QMCECS offers a programme of early evening seminars with speakers from a range of disciplines. We have six seminars a year, and recent speakers have included Sophie Gee (Princeton), Chloe Wigston-Smith (York), Karen Harvey (Birmingham), and Suvir Kaul (Penn). For a list of speakers in the last five years see the seminar archive.
*For Autumn-Winter 2020/2021 we will be presenting our seminars digitally.*
28 October, Lisa Cody (Claremont McKenna College), ‘Whose Body Is It?: Coverture and Consent in Eighteenth-Century English Marriage’. Co-organized with the IHR British History in the Long 18th Century Seminar.
18 November, Stephanie O'Rourke (St Andrews) ‘Forest Histories’. Co-organised with Visual and Material Forum, QMUL. sign up coming soon. sign up here.
Abstract: The forest has its own time—one that does not necessarily align with the timescales that govern the social and political lives of humans. In late eighteenth-century France, this fact was difficult to ignore. Mounting anxieties about timber shortages were coming in conflict with traditional woodlands management and access rights. Politicians and writers were increasingly aware of the distinct historicity of France’s forest. Yet this was also a period during which, it is often observed, the events of the French Revolution were reframing how human history itself was understood.

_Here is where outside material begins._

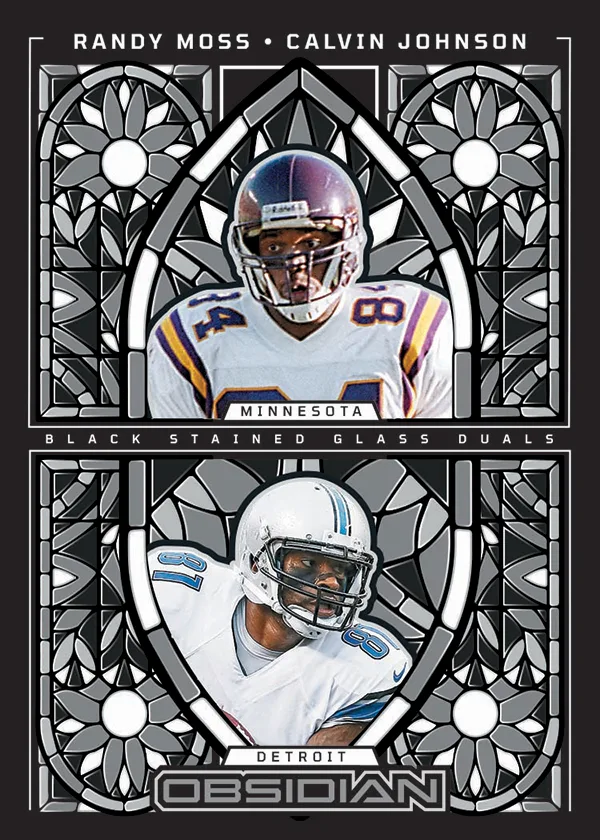 Black Stained Glass Duals card with Randy Moss above Calvin Johnson in a grey stained-glass window design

This paper considers how late eighteenth-century landscape paintings accommodated and responded to these developments: the recognition of the forest’s non-human histories, on the one hand, and new ways of framing human history, on the other. I proposes that by picturing the human and the natural alongside one another, certain landscape paintings were uniquely equipped to explore how these histories could be rendered mutually comprehensible.